### [DIRECTIONS]
Using the data below, copy every line that contains the word "Cleaning".

### [DATA EXCERPTS]

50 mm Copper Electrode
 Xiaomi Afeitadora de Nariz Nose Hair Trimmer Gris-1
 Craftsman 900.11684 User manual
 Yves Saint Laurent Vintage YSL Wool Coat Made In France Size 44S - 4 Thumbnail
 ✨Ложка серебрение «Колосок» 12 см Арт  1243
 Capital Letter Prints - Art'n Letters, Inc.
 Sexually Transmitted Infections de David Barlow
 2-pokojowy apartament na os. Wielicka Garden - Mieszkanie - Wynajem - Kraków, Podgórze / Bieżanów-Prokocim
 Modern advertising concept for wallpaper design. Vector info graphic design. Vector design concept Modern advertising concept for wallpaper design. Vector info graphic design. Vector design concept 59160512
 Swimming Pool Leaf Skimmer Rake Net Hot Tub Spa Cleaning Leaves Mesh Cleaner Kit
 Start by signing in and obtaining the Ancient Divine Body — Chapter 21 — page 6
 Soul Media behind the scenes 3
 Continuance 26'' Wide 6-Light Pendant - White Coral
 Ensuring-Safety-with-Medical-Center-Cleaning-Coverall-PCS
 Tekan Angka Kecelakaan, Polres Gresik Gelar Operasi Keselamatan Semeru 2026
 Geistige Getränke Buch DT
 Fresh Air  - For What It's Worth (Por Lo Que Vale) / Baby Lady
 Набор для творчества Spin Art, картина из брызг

### [OUTPUT FOR THIS EXERCISE]
 Swimming Pool Leaf Skimmer Rake Net Hot Tub Spa Cleaning Leaves Mesh Cleaner Kit
 Ensuring-Safety-with-Medical-Center-Cleaning-Coverall-PCS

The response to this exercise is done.